▸ **Requirement**
Beneath this line sits some data. Return only its lines from the one holding "Blick auf den" through the one holding "ASMR:SPICY BLACK POMFRET", inclusive, exactly, with the images removed.

▸ **Provided records**
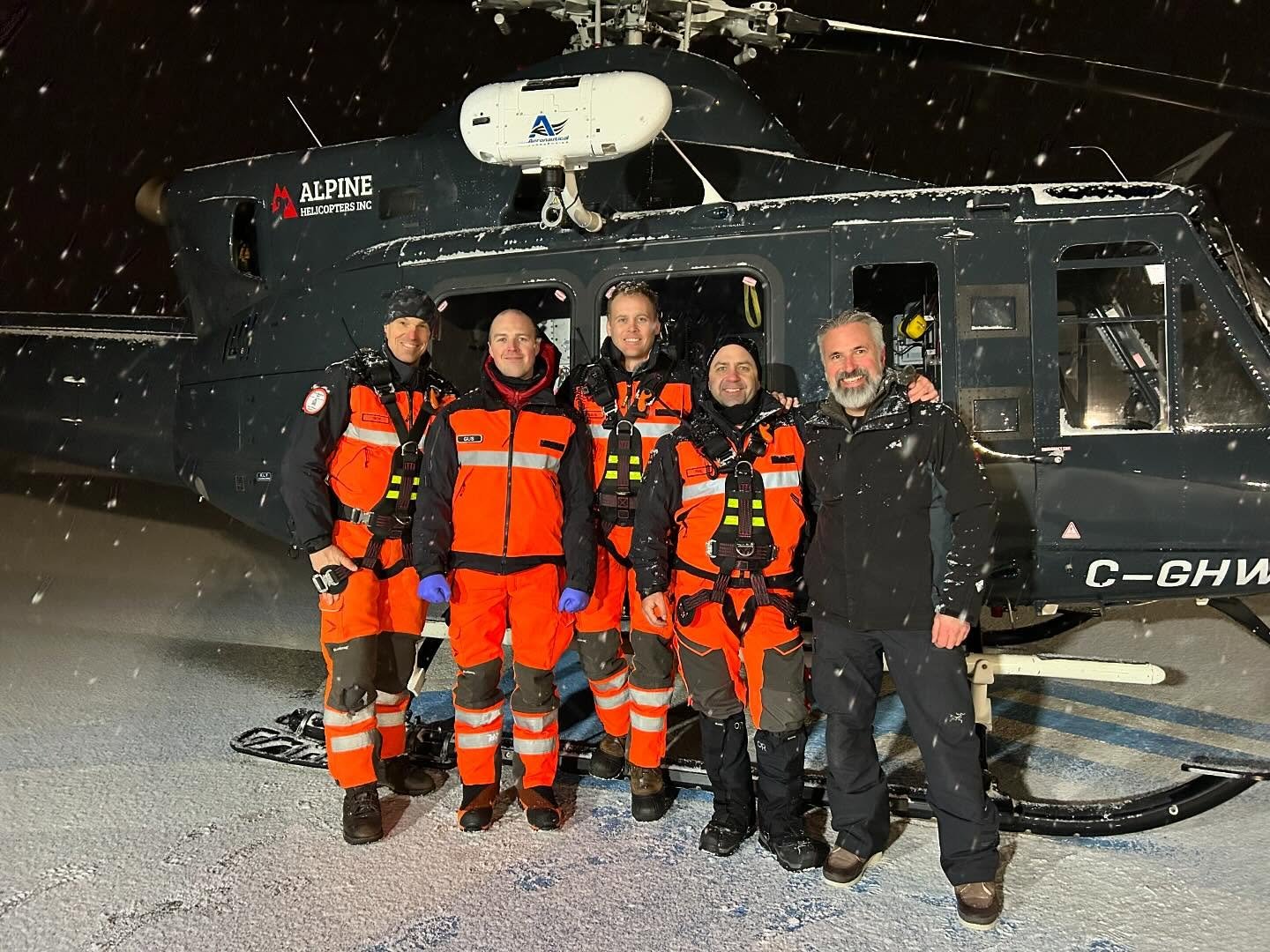 Shiny happy crew after a day of successful rescues. 

#heli #helicopter #bell412ep #rescue #sar #airrescueone #arohws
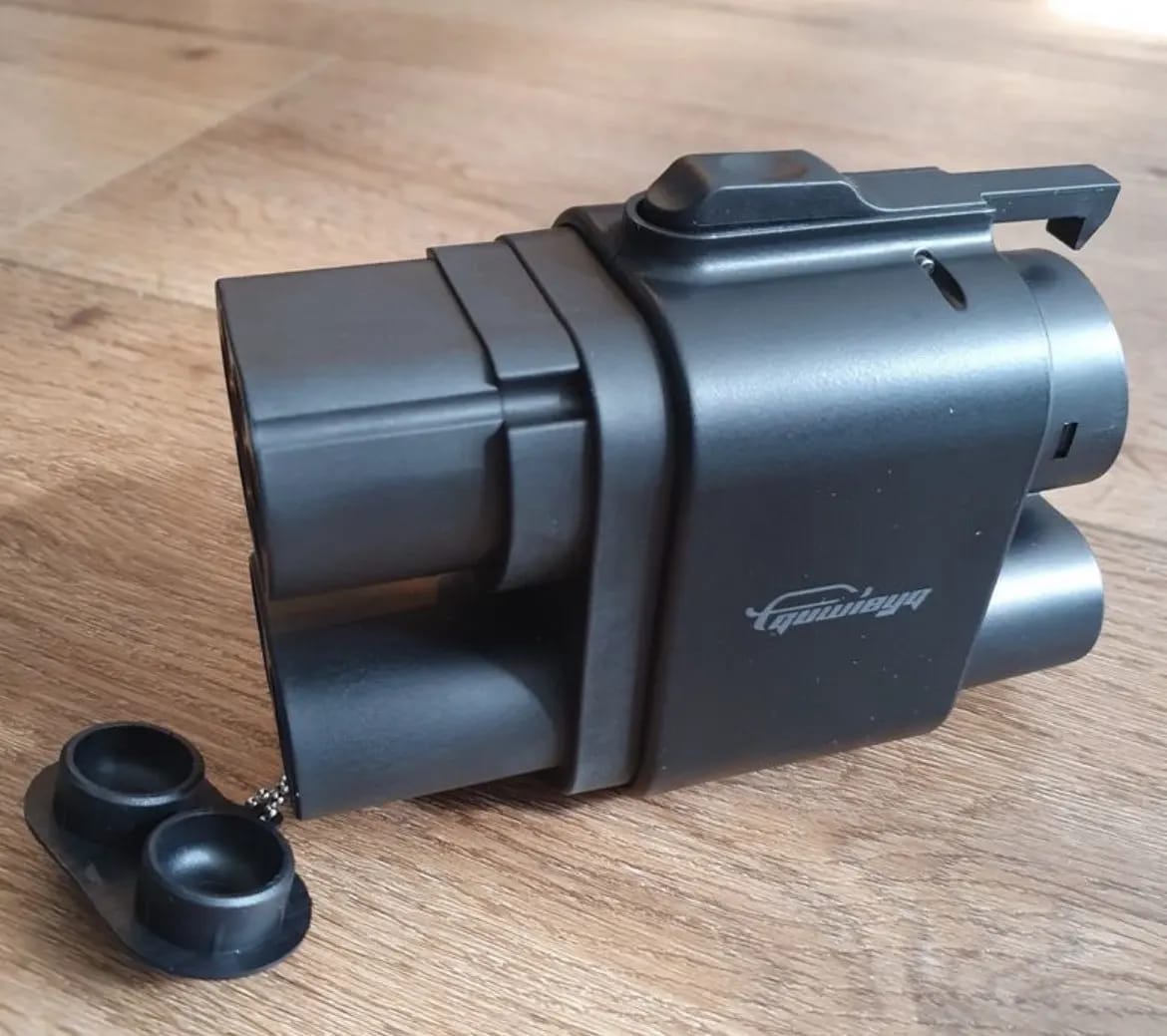 Customer photo review of Adapter CCS2-CCS1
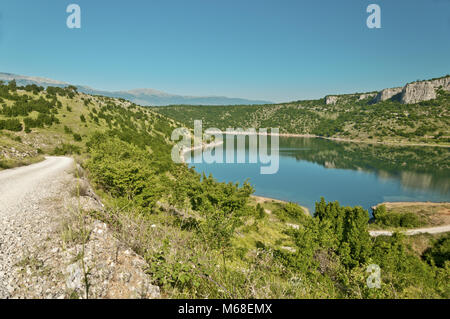 Blick auf den künstlichen (Akkumulation) See namens Peruèa in der Nähe der Ort namens Dabar im dalmatinischen Hinterland, Kroatien Stockfoto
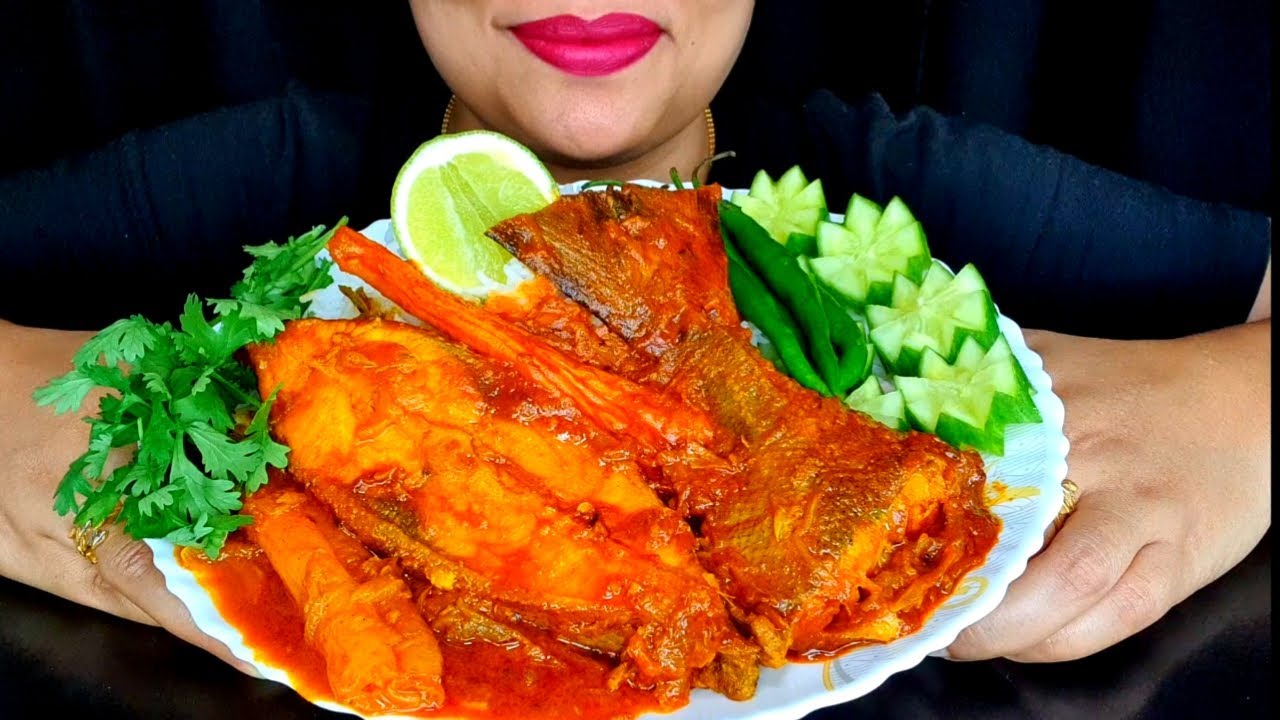 ASMR:SPICY BLACK POMFRET BHUNA,HOT CHILLI, LEMON,CUCUMBER, CORIANDER LEAF, RICE||ZAKIA-SPICY ASMR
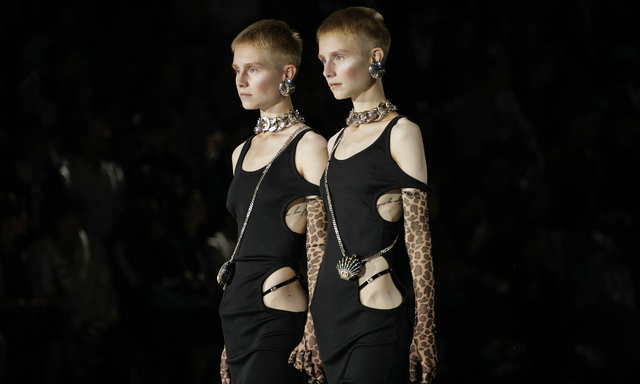 Be Gucci kommt der Strangtanga an der Hüfte zur Geltung 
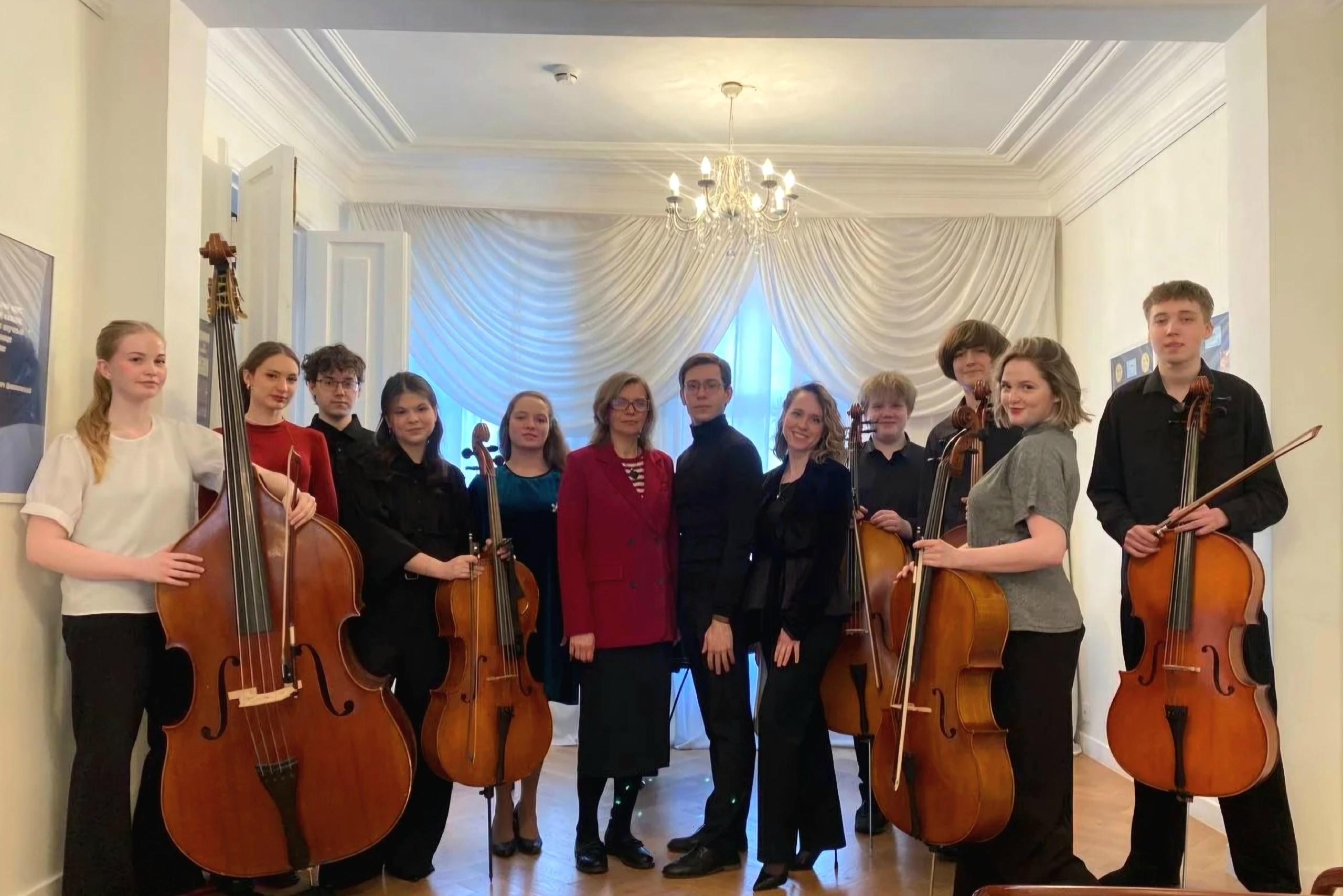 МУЗЫКАЛЬНАЯ ГОСТИНАЯ В МУЗЕЕ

▸ **Solution below**
 Blick auf den künstlichen (Akkumulation) See namens Peruèa in der Nähe der Ort namens Dabar im dalmatinischen Hinterland, Kroatien Stockfoto
 ASMR:SPICY BLACK POMFRET BHUNA,HOT CHILLI, LEMON,CUCUMBER, CORIANDER LEAF, RICE||ZAKIA-SPICY ASMR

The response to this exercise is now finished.